Common Sources of Data Leakage
-
Using Whole Data Statistics for Feature Engineering: Don’t apply normalization, standardization, or imputation using statistics from the entire dataset, as it includes test data information.
-
Duplicate Data Points: Don’t Allow duplicates in your test data, as the same data points might appear in both training and testing sets.
-
Handling Time Series Data: Don’t Split time series data randomly. It can lead to future information leaking into the training set due to the sequential nature of the data.
HyperParameter Tuning, Bias-Variance, Regularization (Lesson 90)
Key Hyperparameters in XGBoost
- Objective: Sets the learning objective. Common options include:
reg:linear for linear regression.
binary:logistic for binary classification.
multi:softmax for multiclass classification.
-
Number of Rounds: Determines the number of trees for learning. More trees can lead to overfitting.
- Early Stopping Rounds: Helps prevent overfitting by stopping the training when the validation loss doesn’t decrease for a specified number of rounds.
Bias and Variance in Machine Learning
- High Bias (Underfitting): Indicates that the model hasn’t learned enough from the training data, leading to high training and validation errors. To reduce high bias, add more features, combine features, create higher-order features, train longer, or decrease regularization.

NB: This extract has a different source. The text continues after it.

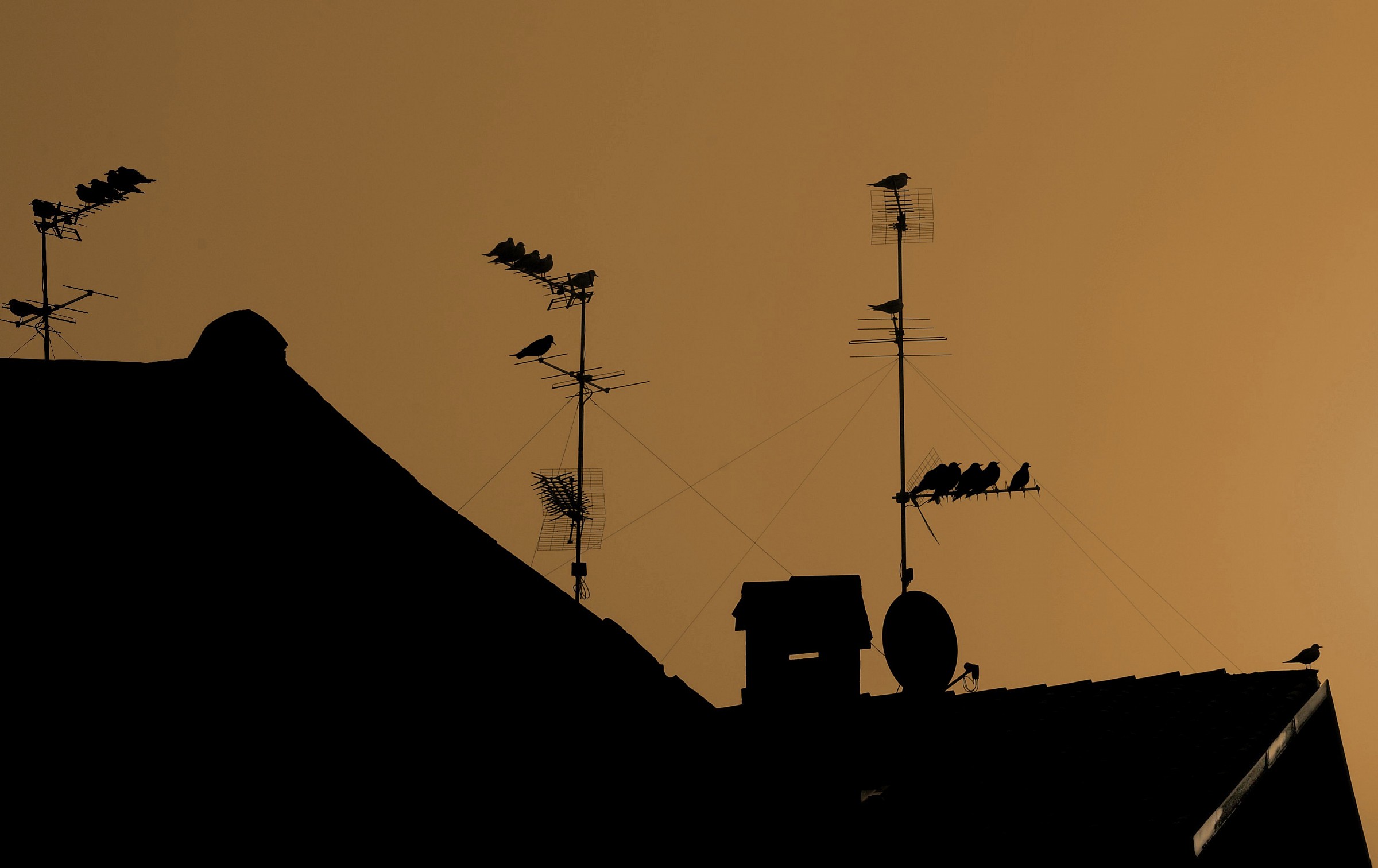 Posti liberi in platea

- High Variance (Overfitting): Occurs when the model memorizes the training data too well, failing to generalize to new, unseen data. To reduce high variance, simplify the model, reduce the number of iterations, or increase regularization.
Understanding Regularization
- Regularization reduces the model’s dependence on specific features, encouraging it to learn from all relevant features.
- Types of Regularization:
- L1 Regularization (Alpha): Aggressively eliminates less important features.
- L2 Regularization (Lambda): Reduces the weight of dominant features.
Hyperparameter Tuning
- Manual vs. Automated Tuning: While manual tuning allows for granular control, automated tuning (like grid search, random search, or SageMaker’s automatic tuning) saves time and often yields better results.
- SageMaker’s Approach: Treats tuning as a supervised learning problem, optimizing the search for hyperparameters.